Il presidente della BCE Mario Draghi (mai cognome fu più indovinato) in questi giorni ha affermato che l'euro è irreversibile e che l'opzione di un uscita dall'euro da parte di uno Stato non è contemplata nel trattato europeo. Insomma un altro dogma economico.
Siamo quindi schiavi di una moneta che ci rende sempre più poveri senza via di scampo. E' in atto una sorta di tirannia monetaria non voluta dai cittadini, mai votata, decisa da pochi.
Intanto la Merkel lancia l'idea di un Europa a due velocità, con un euro forte riservato ai Paesi con economie più floride, e un euro debole che dovrebbe servire alle economie degli Stati in difficoltà.

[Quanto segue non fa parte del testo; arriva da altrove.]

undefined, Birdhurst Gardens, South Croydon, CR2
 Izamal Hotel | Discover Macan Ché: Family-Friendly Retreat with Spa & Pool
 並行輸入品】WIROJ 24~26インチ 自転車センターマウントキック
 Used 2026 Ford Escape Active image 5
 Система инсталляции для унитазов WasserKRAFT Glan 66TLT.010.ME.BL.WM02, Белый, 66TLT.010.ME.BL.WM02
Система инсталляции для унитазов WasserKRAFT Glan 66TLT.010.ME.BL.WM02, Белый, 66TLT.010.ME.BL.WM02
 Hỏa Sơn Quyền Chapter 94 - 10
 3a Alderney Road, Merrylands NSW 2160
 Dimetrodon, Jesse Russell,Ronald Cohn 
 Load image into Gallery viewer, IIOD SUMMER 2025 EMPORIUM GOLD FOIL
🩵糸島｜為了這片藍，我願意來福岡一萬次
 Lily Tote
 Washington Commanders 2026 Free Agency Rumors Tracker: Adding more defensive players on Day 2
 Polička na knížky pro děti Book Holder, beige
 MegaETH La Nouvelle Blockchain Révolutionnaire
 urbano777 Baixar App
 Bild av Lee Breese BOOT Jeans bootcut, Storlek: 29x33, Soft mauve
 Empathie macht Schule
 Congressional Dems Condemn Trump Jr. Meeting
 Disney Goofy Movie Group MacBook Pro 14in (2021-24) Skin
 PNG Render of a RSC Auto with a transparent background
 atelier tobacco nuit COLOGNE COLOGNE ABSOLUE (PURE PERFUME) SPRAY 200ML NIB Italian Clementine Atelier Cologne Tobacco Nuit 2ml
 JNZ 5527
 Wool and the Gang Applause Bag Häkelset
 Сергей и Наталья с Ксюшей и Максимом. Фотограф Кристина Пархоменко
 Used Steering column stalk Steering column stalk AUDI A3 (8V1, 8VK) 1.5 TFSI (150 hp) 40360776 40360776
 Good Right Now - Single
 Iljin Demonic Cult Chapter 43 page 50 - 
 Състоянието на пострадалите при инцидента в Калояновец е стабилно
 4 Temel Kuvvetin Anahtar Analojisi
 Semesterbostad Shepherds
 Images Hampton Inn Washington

Si tenta questa nuova soluzione per tenere in vita un Europa ormai arrivata alla naturale conclusione, preso atto del fallimentare tentativo per la ripresa economica noto come "quantitative easing", il gettito di moneta che finisce dritto nelle casse delle banche. Fiumi di soldi che sono serviti solo a non far fallire le banche indebitate da investimenti fallimentari. Tuttavia nell'economia reale non arriva quasi nulla perché gli istituti di credito non concedono mutui e prestiti facilmente. L'UE sembra un pugile suonato in attesa del colpo del K.O., Trump dall'altra parte del mare invita i paesi della Nato a contribuire maggiormente per le spese della difesa, e la Le Pen in Francia annuncia l'uscita da Euro, Nato ed Onu in caso di vittoria alle prossime elezioni transalpine. La cina e la Russia si ergono a nuove potenze economiche e militari. Israele approfitta del caos per costruisce nuovi insediamenti per i coloni nei territori palestinesi. In questo campo di battaglia tra draghi feroci si muove come un pulcino spaurito la piccola Italia. Il premier Gentiloni firma un accordo col debole governo libico per fermare l'afflusso di migranti, e intanto si dice favorevole ad un euro a due velocità sperando di finire nel gruppo dei forti. Mentre fuori si prepara la tempesta perfetta, c'è chi aspetta passivamente il salvatore della patria, che si chiami Grillo, Renzi, Salvini, poco importa, tra il Festival di Sanremo e il calcio siamo troppo occupati per pensare al nostro futuro.